RECORDED INFORMATION:
****************************************
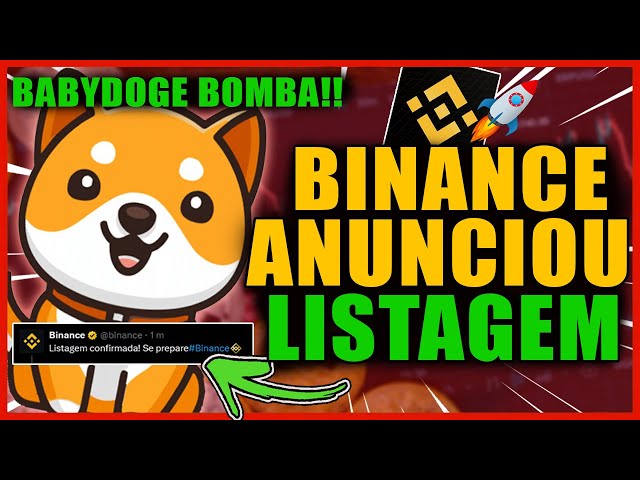 BABY DOGE DRINGEND! BINANCE-BOMBENLISTE! NACHRICHTEN und ANALYSEN, DIE KRYPTOWÄHRUNG BABY DOGECOIN VERSPRECHEN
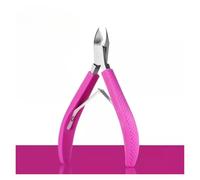 Sharp Toenail Ingrown Cuticle Nipper Nail Clipper Edge Cutter Scissor Pliers Tool Dead Skin Remover Pedicure Manicure Tools(Rose red)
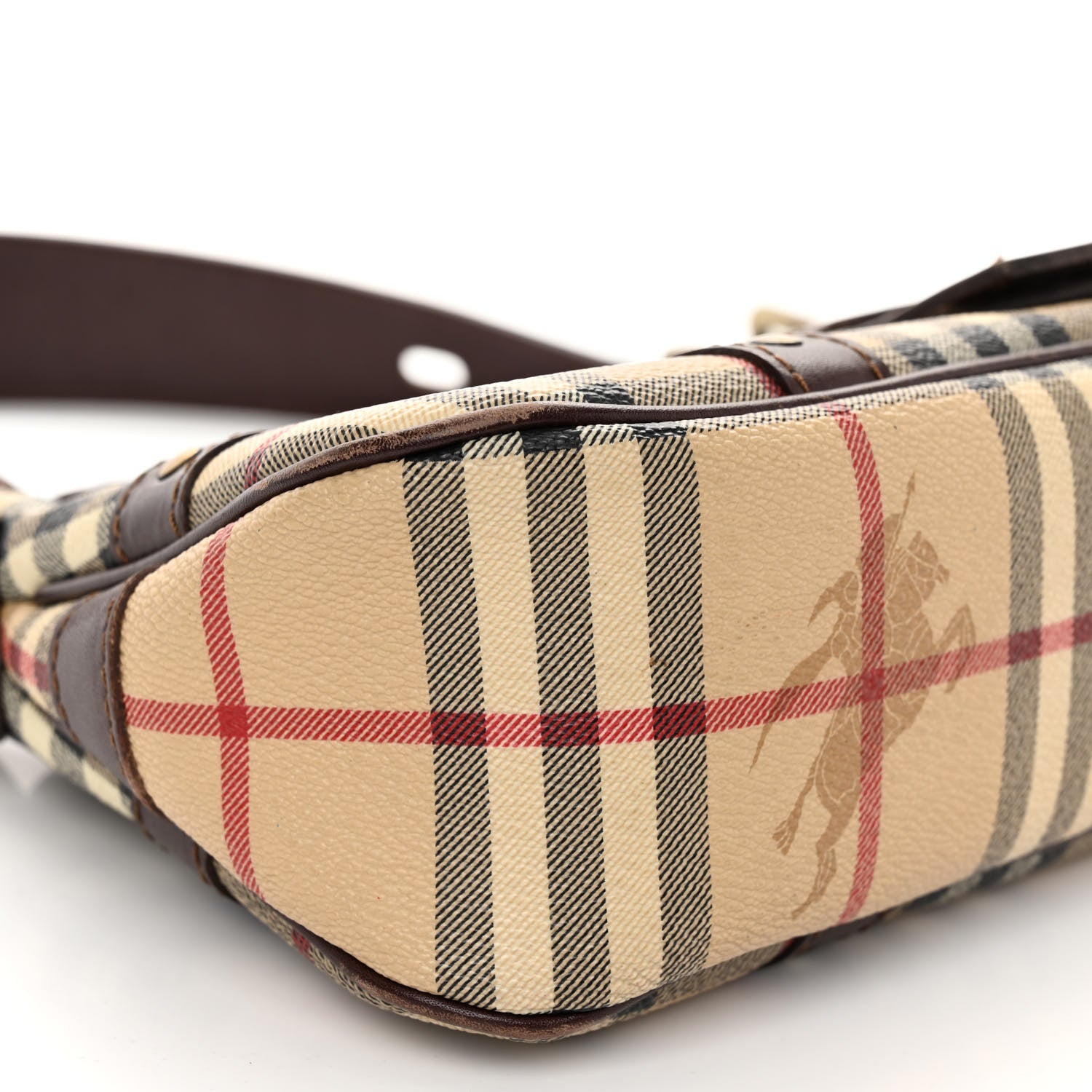 Burberry Haymarket Check Buckle Shoulder Bag Chocolate 8 of 10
****************************************
PROBLEM REQUIREMENTS: Please reproduce nothing but the lines from the one containing "Sharp Toenail Ingrown" through the closing line of the listing, retyped word for word, pictures excluded.

EXERCISE OUTPUT:
 Sharp Toenail Ingrown Cuticle Nipper Nail Clipper Edge Cutter Scissor Pliers Tool Dead Skin Remover Pedicure Manicure Tools(Rose red)
 Burberry Haymarket Check Buckle Shoulder Bag Chocolate 8 of 10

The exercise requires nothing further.